A verdade em “nós”

Será que toda verdade é absoluta? Mal sabiam eles que o dito era apenas uma sugestão, e não um fato incontestável. Aliás, diga-se de passagem, tudo pode ou deveria ser refletido, pois os eventos possuem diferentes ângulos e, portanto, são passíveis de interpretações divergentes. Há quem acredite na concretude e objetividade dos fatos, mas já pararam para pensar em suas inúmeras camadas?

Algumas, inclusive, emaranhadas de tal forma que chegam a fazer um grande “nó”, naturalizado em nós como verdade absoluta. É quando emparelhamos as coisas do mundo com os nossos pensamentos e, se pertencerem à mesma categoria de entendimento, são tomadas como certas e definitivas. Caso contrário, são classificadas como inverdades e descartadas ou desqualificadas. Esse é um movimento espontâneo, garantido pela lógica previamente designada pela sociedade ou por grupos sociais para que não haja engano, assim seguimos todos na mesma página, assegurando a nossa sujeição.
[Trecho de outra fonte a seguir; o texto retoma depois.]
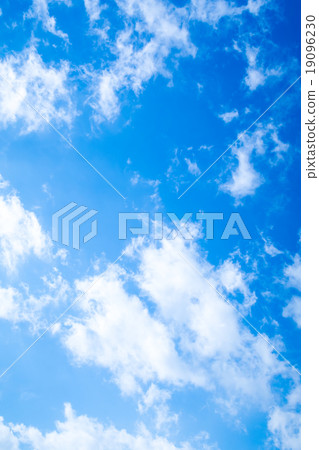 Layered clouds cloud cumulus clouds Autumn sky General sky and clouds White clouds and blue sky background material Copy space Character space Layered clouds cloud cumulus clouds Autumn sky General sky and clouds White clouds and blue sky background material Copy space Character space 19096230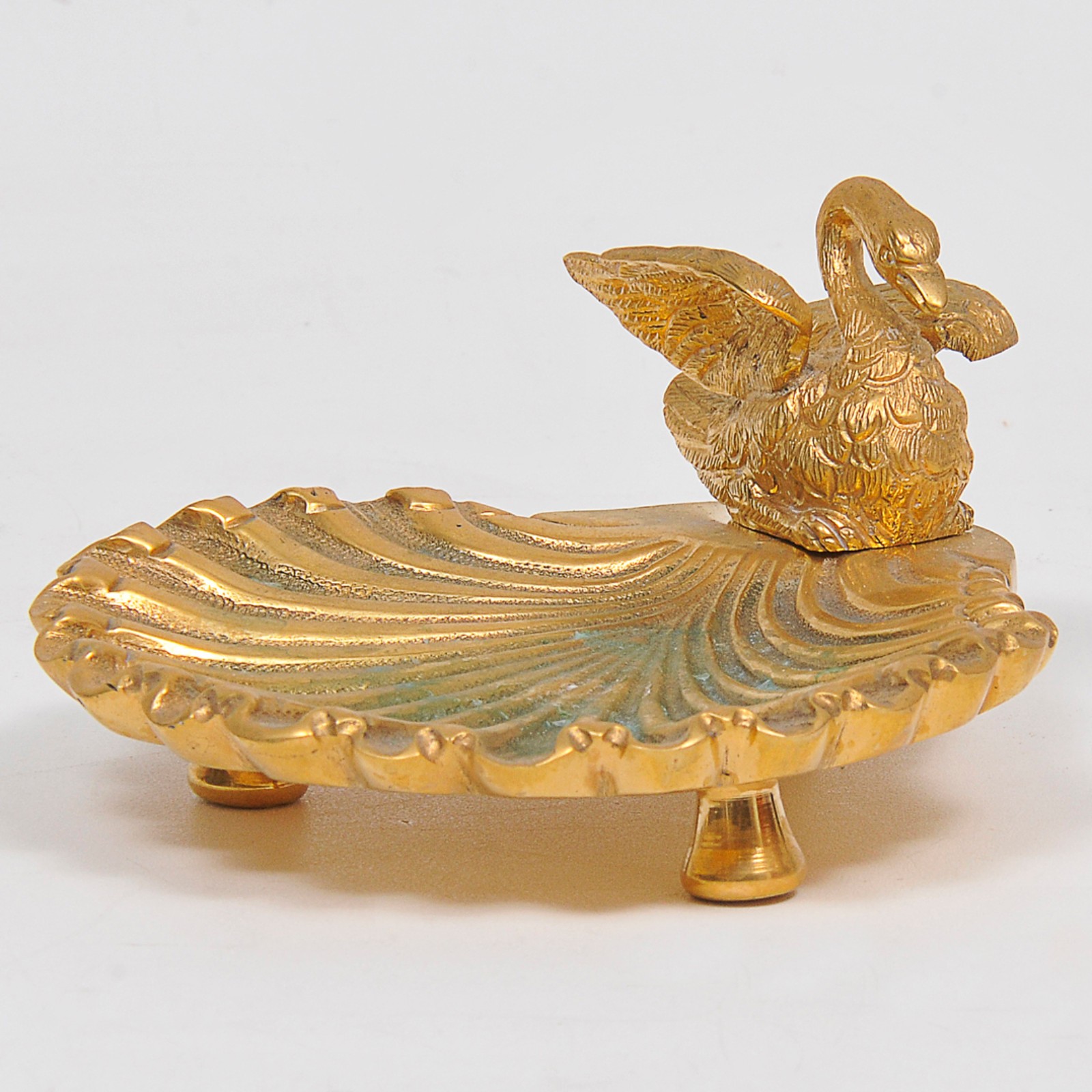 Linda saboneteira confeccionada em bronze dourado ricamente cinzelado... - foto 1 de 2
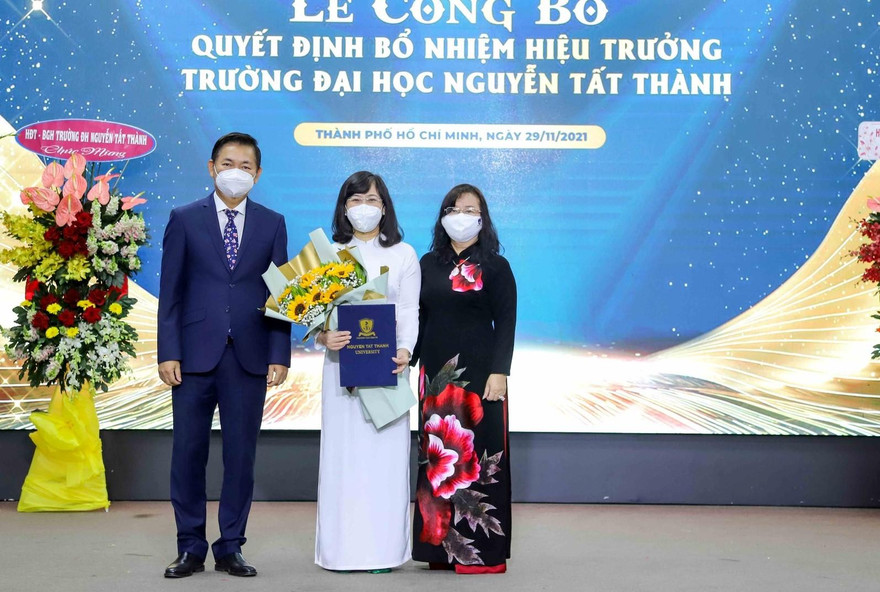 Công bố và trao quyết định bổ nhiệm Hiệu trưởng trường ĐH Nguyễn Tất Thành 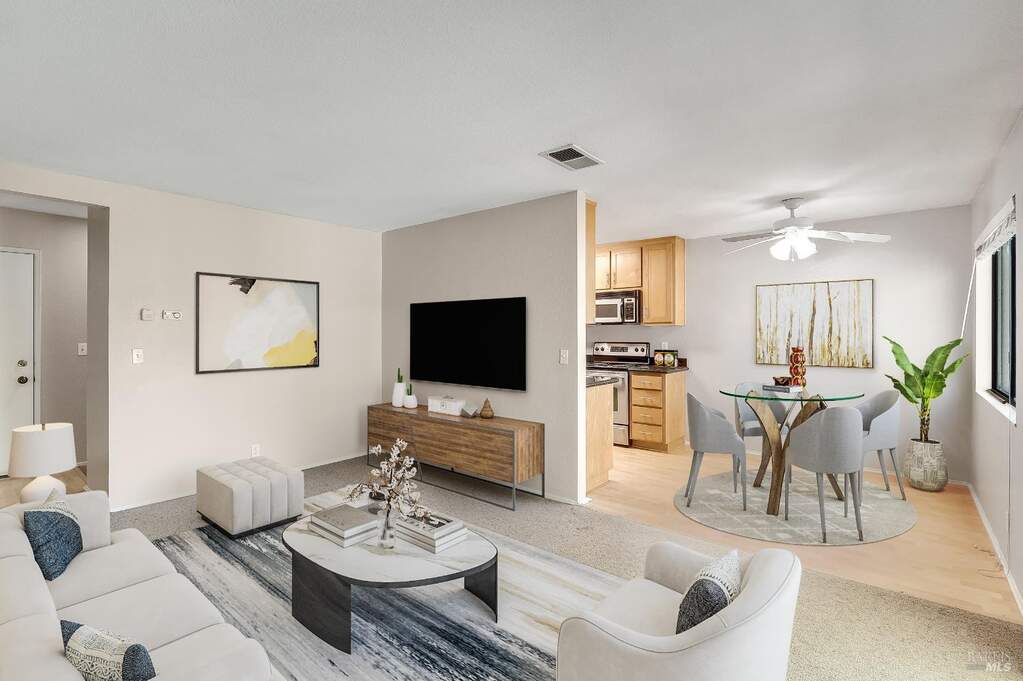 900 Cambridge Drive #104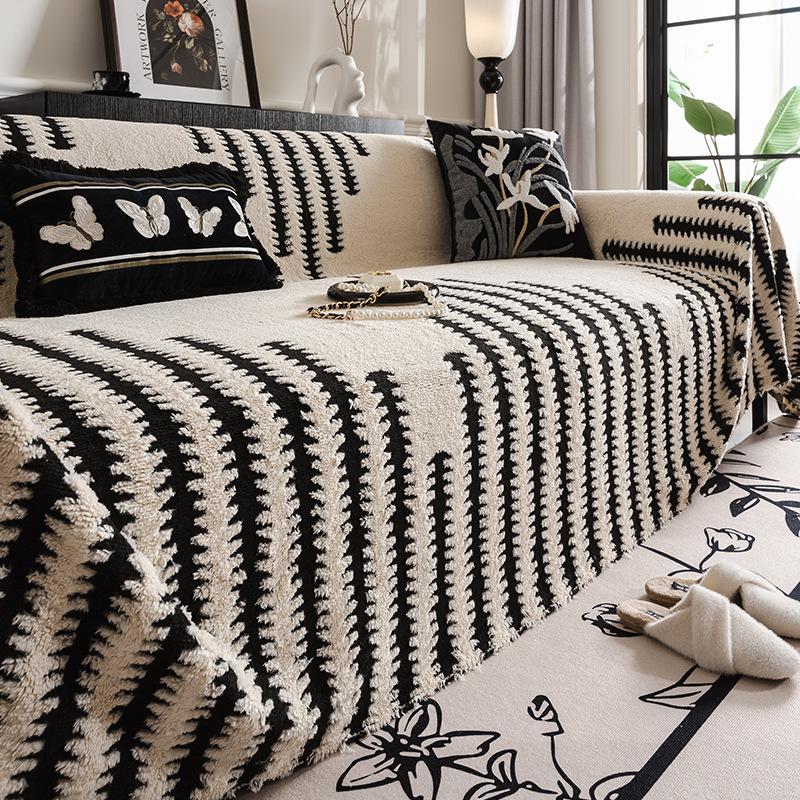 High-End Fishbone Patterned Plush Sofa Towel Anti-Slip Protection Couch Covers For Living Room Anti-Scratch Furniture Slipcover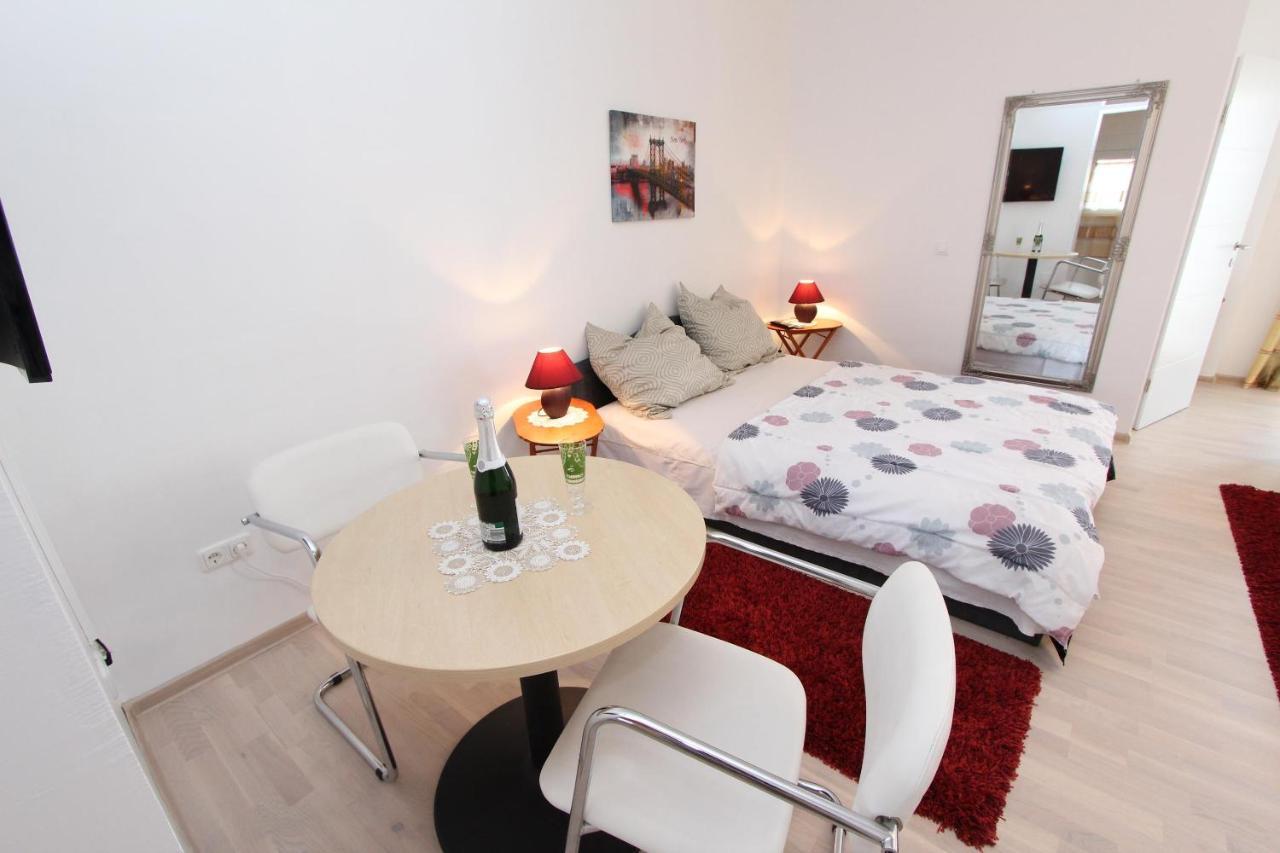 Rooms And Apartments Sally Ровінь Екстер'єр фото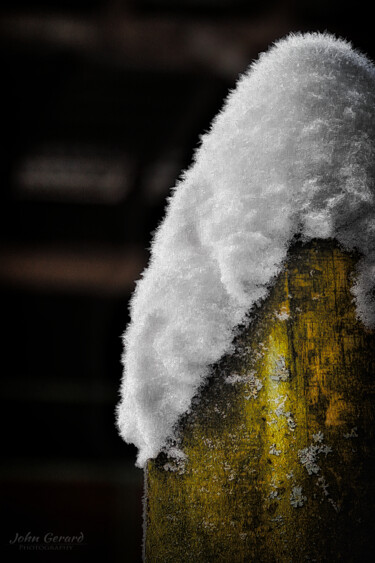 Photography titled "Schneedach / snowro…" by John Gerard, Original Artwork, Digital Photography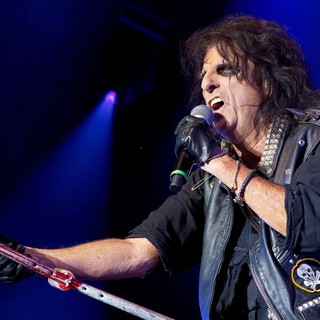 Alice Cooper in Alice Cooper Performing Live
Quanta ilusão, não é mesmo?! Construímos um mundo com base nas verdades relativas, supondo que a simples ausência de mentiras seria suficiente para nos manter ligados sincera e intimamente uns com os outros. Porém, o fato presumidamente existente nem sempre corresponde ao subjetivamente constatado. Há nuances infinitas e mutáveis nessa correlação que nos impedem de afirmar o que é real e o que é realidade. Parece que a verdade é proporcional às contingências em que vivemos, o que torna real a realidade, mesmo que não o seja.

Seria muito melhor podermos tranquilizar nossa consciência sobre o travesseiro, vivendo os mais inusitados acontecimentos humanos com a certeza de que eles são aquilo que dizem ser. Entretanto, há um “nó” bem atado, difícil de se desfazer: trata-se da verdade arquitetada para ser a única perspectiva sobre qualquer coisa. Oficialmente, ela referencia nosso cotidiano e vai moldando a forma como nos relacionamos com tudo. Então, quando alguma coisa acontece, vamos logo lançando mão da verdade difundida e transformamos o “nó” em “nós”. 

É assim que também ficamos atados… rendemo-nos à eficiente fábrica de construir verdades e entramos no jogo acirrado das narrativas, disputando o controle sobre os fatos. Na maioria das vezes, ignoramos por completo, ou quase completamente, a coisa em si. Apesar disso, dispomo-nos a reproduzir aquilo que ouvimos ou lemos sem crítica alguma. Dessa forma, também aprisionamos os outros no nosso próprio desconhecimento para seguirmos sendo os maiores acionistas da realidade forjada. É assim, simples assim! Um vai e vem, vai e fica todo mundo no mesmo barco afundado até o pescoço com dados e informações convertidas em “nós”.

O cardápio de verdades é eclético. Há receita pronta para todos os tipos de paladar e está ao alcance dos dedos para servir o nosso prato preferido com um único clique. É uma espécie de disque-verdade que podemos acionar cada vez que um grande evento ocorre. Dependendo do fornecedor, ela vem temperada de mais ou menos ilusões, mas os ingredientes são basicamente os mesmos e o “nó” se instala em nós.

A verdade factual quase nunca coincide com aquela derivada da crença ou do gosto do freguês. Ainda que os fatos materiais sejam imutáveis, o que representa algo praticamente impossível, nossa interpretação do mundo acaba postulando verdades funcionais, que atendem, sobretudo, a necessidade de apresentar uma explicação justificável para a ocorrência da coisa em si.

De qualquer maneira, o que vem se sucedendo no mundo contemporâneo não é muito diferente de antigamente. Os meios variaram e se tornaram mais ágeis, encurtando o tempo de disseminação dos “nós”, mas o impacto na interação das pessoas e nas relações entre as nações continua provocando tanto rupturas quanto alianças. Nem uma nem outra, ou uma e outra, são necessariamente positivas ou negativas. Tudo depende de quem está posicionado em cada uma das pontas da comunicação e do que é veiculado nesse circuito.

Ainda é impossível atestar qualquer verdade sem “nós”. Por outro lado, a (in)verdade em nós parece ter pernas próprias, pois é amplificada por um jeito particular de estabelecer a ordem mundial, relativizada e transformada para ser mais palatável e, assim, cooptar simpatizantes pelo caminho. A melhor resposta que podemos oferecer à guerra de narrativas que vem dominando o mundo talvez seja não renunciar à nossa dignidade humana. Entretanto, isso demanda reconhecer a humanidade em nós.